### DATASET SECTION
----------------------------------------
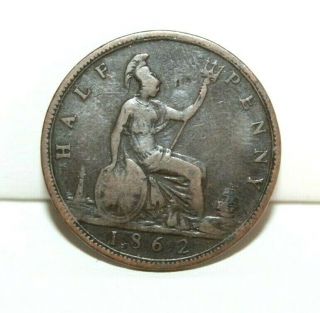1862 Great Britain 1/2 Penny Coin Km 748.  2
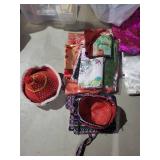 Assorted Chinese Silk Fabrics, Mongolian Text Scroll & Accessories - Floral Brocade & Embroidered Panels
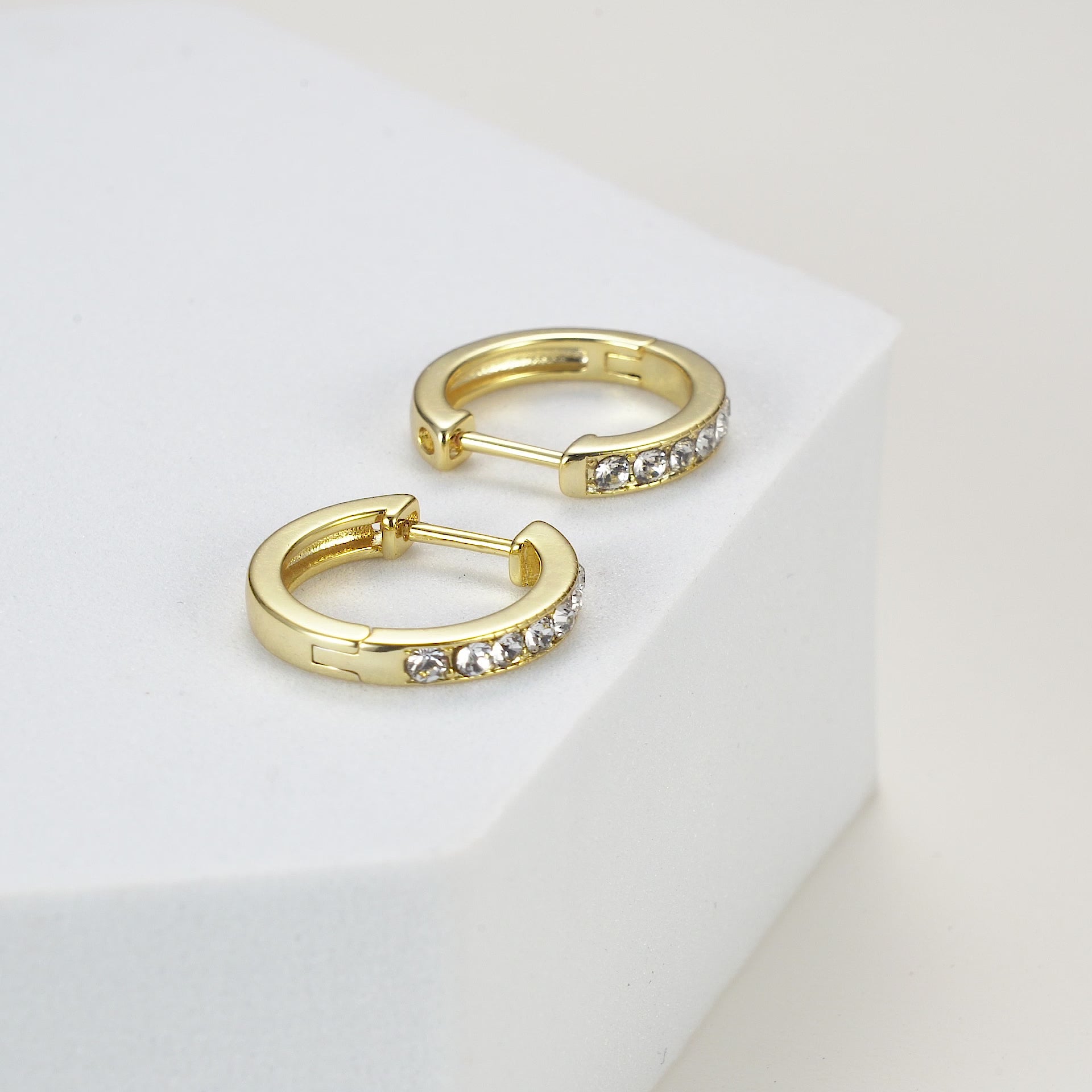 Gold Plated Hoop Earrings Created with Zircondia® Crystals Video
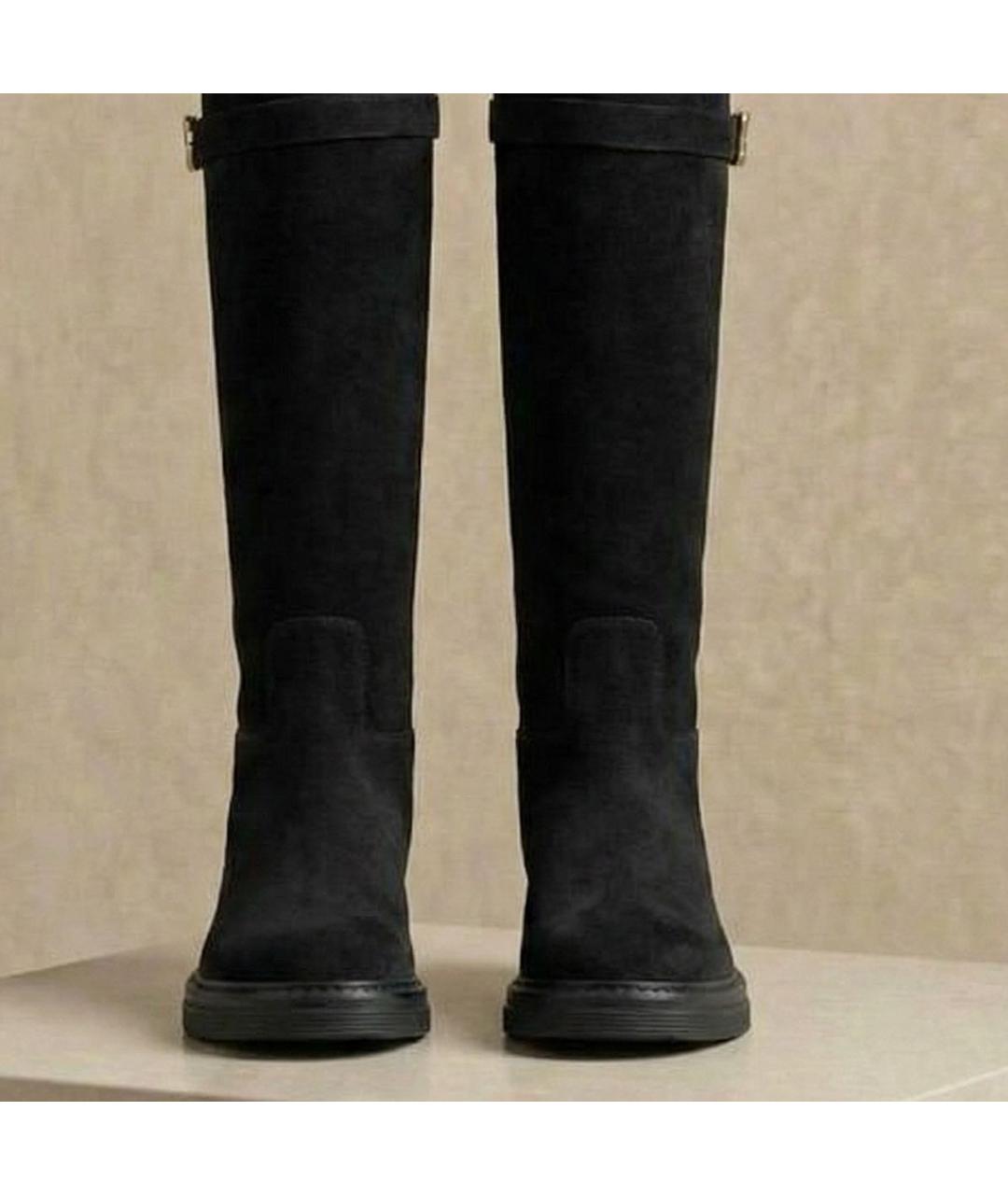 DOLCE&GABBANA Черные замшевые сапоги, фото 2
----------------------------------------
From the first line to the last, output the data exactly, without the pictures.

1862 Great Britain 1/2 Penny Coin Km 748.  2
 Assorted Chinese Silk Fabrics, Mongolian Text Scroll & Accessories - Floral Brocade & Embroidered Panels
 Gold Plated Hoop Earrings Created with Zircondia® Crystals Video
 DOLCE&GABBANA Черные замшевые сапоги, фото 2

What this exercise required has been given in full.